Department of Justice proposed a 14-billion dollar fine for Deutsche’s mortgage backed securities scandal (you’re thinking, “you’re going to have to be more specific; which one?”) Wall Street J.
Deutsche’s stocks took a tumble late yesterday and continuing today.
Before that, last week it was reported in the New Yorker that Deutsche had a newer 10 billion dollar scandal related to the bank’s apparent willingness to launder Russian money.
But in the New Yorker piece, I liked this little capsule review of Deutsche’s role in the housing crisis, and how a former risk analyst explained that the bank was “structurally designed by management to allow corrupt individuals to commit fraud.”

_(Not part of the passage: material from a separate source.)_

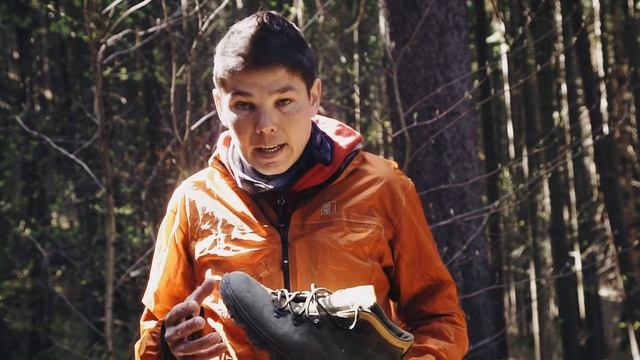 Outdoor обувь TREK: обзор и отзыв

In 2007, the bank’s share price hit an all-time peak: a hundred and fifty-nine dollars. But as it grew fast it also grew loose. Before the housing market collapsed in the United States, in 2008, sparking a global financial crisis, Deutsche Bank created about thirty-two billion dollars’ worth of collateralized debt obligations, which helped to inflate the housing bubble. In 2010, Deutsche Bank’s own staff accused it of having masked twelve billion dollars’ worth of losses. Eric Ben-Artzi, a former risk analyst, was one of three whistle-blowers. He told the Securities and Exchange Commission that, had the bank’s true financial health been known in 2008, it might have folded, as Lehman Brothers had. Last year, Deutsche Bank paid the S.E.C. a fifty-five-million-dollar fine but admitted no wrongdoing. Ben-Artzi told me that bank executives had incurred a tiny penalty for a huge crime. “There was cultural criminality,” he said. “Deutsche Bank was structurally designed by management to allow corrupt individuals to commit fraud.”